Спустя несколько минут ненавистный звонок вновь терзает слух. Я готова вырвать его к чертям, лишь бы остаться наконец в тишине.
Элла подскакивает. Ее терпение готово лопнуть.
Это утро не закончится. Или я в бреду и мне снится очередной кошмар?
– Не открывай.
Элла боится.
Конечно, боится. Я бы тоже нервничала, если бы старшая сестра вела себя так странно.
Я поднимаюсь на носочки – с ростом мне не повезло – и смотрю в глазок. На пороге – парень в красных кепке и футболке, разносчик еды.
Надо мной издеваются!
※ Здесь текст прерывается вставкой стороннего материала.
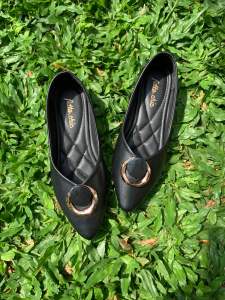 Futto.chic sepatu flatshoes wanita cantik A01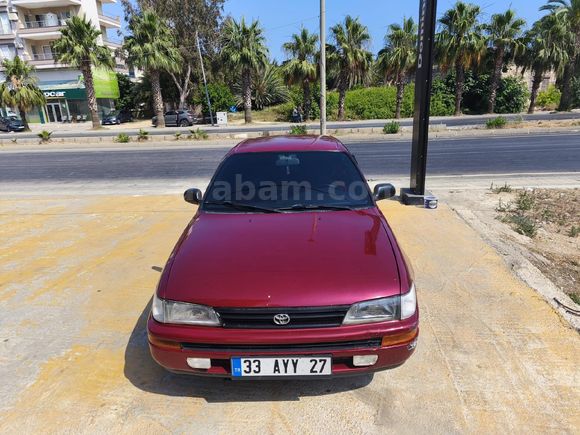 Sahibinden Toyota Corolla 1.6 XEi 1996 Model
Если так пойдет и дальше, от доброй Шейры не останется и следа.
Я открываю дверь и заранее сжимаю кулаки. Нет никакой гарантии, что за спиной у юноши в биомаске не стоит тот, кто ласково называет меня солнышком и с кем я сделаю что угодно, лишь бы он не тронул нас с Эллой.
Поздравляю, Шейра. У тебя паранойя.
Парень отдает мне еду в белых вакуумных пакетах. Я прошу двойную порцию, и еще – чтобы обед и ужин нам прислали по связному ящику. Мало ли куда нас занесет вечером.
– Слушайте… Вы не встречали человека в очках, шляпе и с черным пальцем?
– Ой, точно! – Парень хлопает себя по лбу и извлекает из кармана письмо. – Он просил передать вам это.
Я сглатываю ком.
– Спасибо.
Разносчик уходит. Сердце стучит в бешеном ритме, ногти впиваются в пакеты. Индикатор на руке слабо попискивает.
Прежде чем начать изучать письмо, я прошу Эллу отнести еду в кухню. Почему-то я уверена, что о послании никто не должен знать.
Белая бумага сложена вдвое. Сверху небрежным почерком выведено одно-единственное предложение:
«Я не причиню тебе вреда, солнышко».
Мне с трудом удается подавить желание разорвать листок и сжечь то, что от него останется. А вдруг у меня действительно паранойя?
Но я разворачиваю его и читаю написанное.